TASK REQUIREMENTS: When every entry has been read, print each one back exactly.

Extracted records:
+ + + +

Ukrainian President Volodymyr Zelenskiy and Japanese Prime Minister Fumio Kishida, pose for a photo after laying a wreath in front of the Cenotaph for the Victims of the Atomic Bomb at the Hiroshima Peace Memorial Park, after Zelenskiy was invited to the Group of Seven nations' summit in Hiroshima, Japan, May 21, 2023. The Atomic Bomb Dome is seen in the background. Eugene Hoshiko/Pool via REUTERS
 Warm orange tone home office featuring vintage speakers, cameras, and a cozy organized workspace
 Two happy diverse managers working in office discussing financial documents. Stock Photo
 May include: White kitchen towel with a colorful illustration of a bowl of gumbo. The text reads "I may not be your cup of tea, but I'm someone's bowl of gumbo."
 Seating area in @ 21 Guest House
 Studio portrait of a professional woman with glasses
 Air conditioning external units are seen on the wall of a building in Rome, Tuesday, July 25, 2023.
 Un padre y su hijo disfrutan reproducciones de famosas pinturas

+ + + +

TASK OUTPUT:
Ukrainian President Volodymyr Zelenskiy and Japanese Prime Minister Fumio Kishida, pose for a photo after laying a wreath in front of the Cenotaph for the Victims of the Atomic Bomb at the Hiroshima Peace Memorial Park, after Zelenskiy was invited to the Group of Seven nations' summit in Hiroshima, Japan, May 21, 2023. The Atomic Bomb Dome is seen in the background. Eugene Hoshiko/Pool via REUTERS
 Warm orange tone home office featuring vintage speakers, cameras, and a cozy organized workspace
 Two happy diverse managers working in office discussing financial documents. Stock Photo
 May include: White kitchen towel with a colorful illustration of a bowl of gumbo. The text reads "I may not be your cup of tea, but I'm someone's bowl of gumbo."
 Seating area in @ 21 Guest House
 Studio portrait of a professional woman with glasses
 Air conditioning external units are seen on the wall of a building in Rome, Tuesday, July 25, 2023.
 Un padre y su hijo disfrutan reproducciones de famosas pinturas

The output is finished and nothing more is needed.